1943: State War Council
The Legislature passed the State War Powers Act as its first official action in 1943 by special session. It was to increase the emergency war powers of the Governor during World War II and to provide an adequately financed official agency for the coordination of the local, state, and federal civilian war effort in California. The act provided that it should terminate at the expiration of six months after `cessation of hostilities."
The State War Council originally consisted of the Governor; the Lieutenant Governor; the State Director of Civilian Defense; the State Director of Civilian Protection; the State Director of Civilian War Services; the Attorney General; two representatives of city governments and two representatives of county governments, who were appointed by and served at the pleasure of the Governor; as well as two members of the Senate and two members of the Assembly. Council members were not paid. The Governor was to be Ex officio chairman, the State Director of Civilian Defense was Ex officio vice chairman.

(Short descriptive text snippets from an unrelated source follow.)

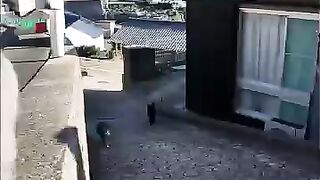 Sitting on the upper level of the slope on Cat Island, I was quickly surrounded by cats.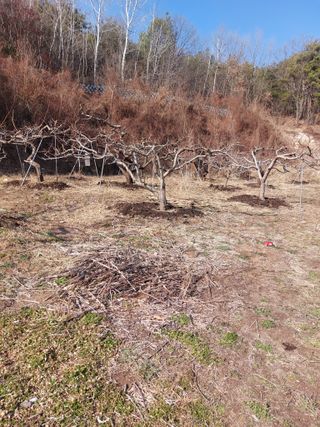 채대균님의 복숭아 · 영농일지 작성글 사진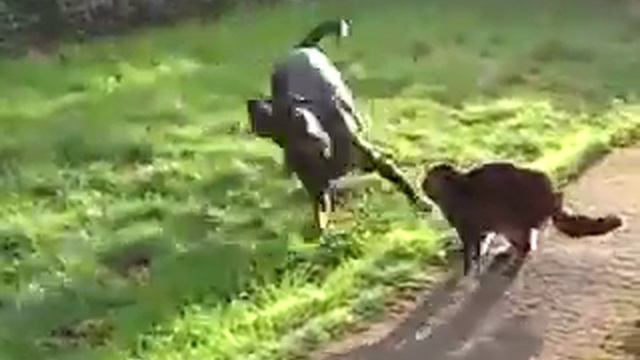 Doberman bs cat смотреть онлайн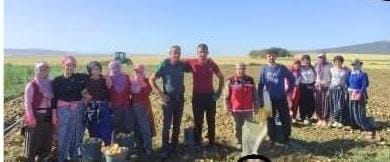 Aksaray’da patates hasadı döneminin başlamasıyla birlikte İl Tarım ve Orman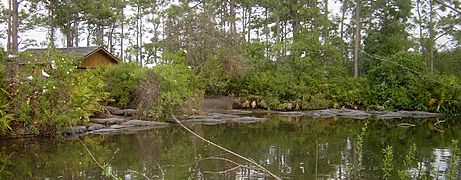 022306-gatorland04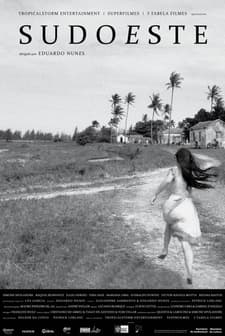 Southwest (2012) afişi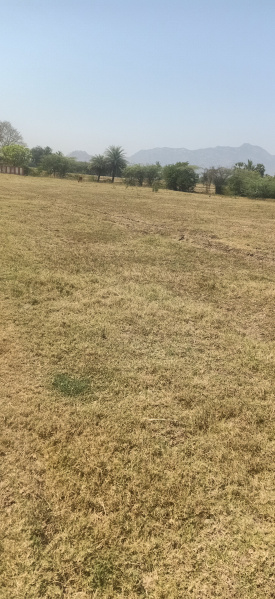  Residential Plot 35000 Cent for Sale in Polur, Tiruvannamalai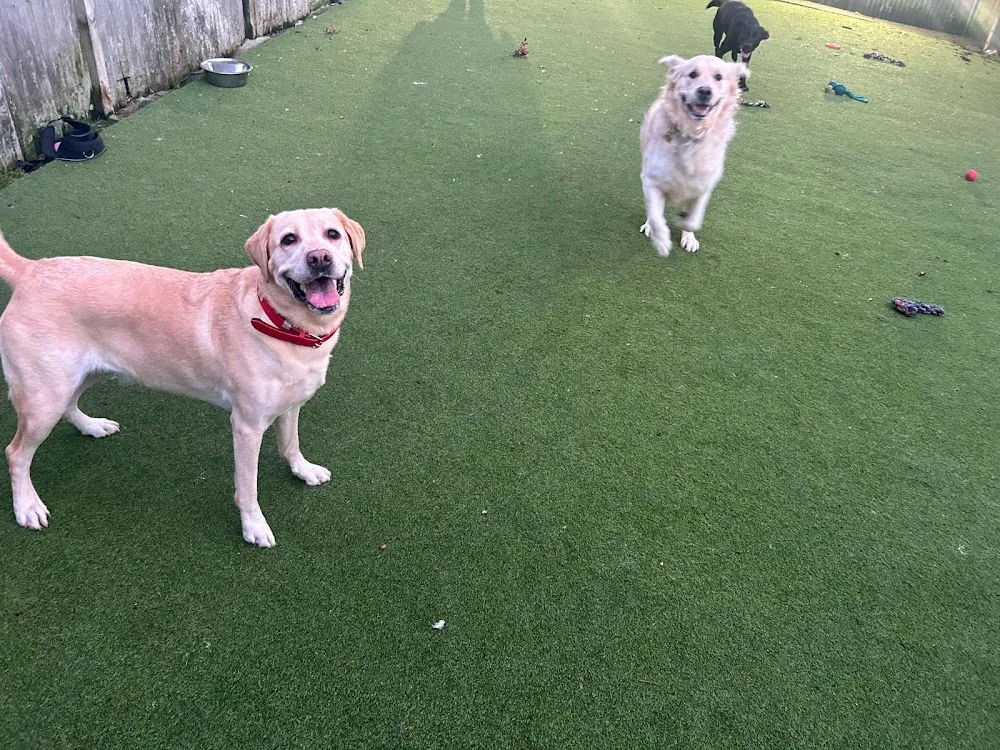 Hammerpond Kennels and Cattery - Plummers Plain pet otel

The War Powers Act divided the civilian war effort into two operational segments Protective Services and War Services. Protective Services was composed of police, fire, health, rescue, demolition, and repair, and other protective service officials and auxiliary civilian volunteer groups.
The War Services branch was designed to assist in maintaining civilian morale and providing opportunities for constructive volunteer service in the total war effort. The volunteer citizen accomplishments from January 1943 to the close of the war included planning and training programs. The acceptance of the program and public enthusiasm for it was apparent when more than a million volunteers registered in the various programs during the wartime period.
Under this act, the Governor was authorized to create advisory committees to assist in specific fields of civilian defense activity. Appointed advisory committees were made up of outstanding leaders in the various protective and service fields."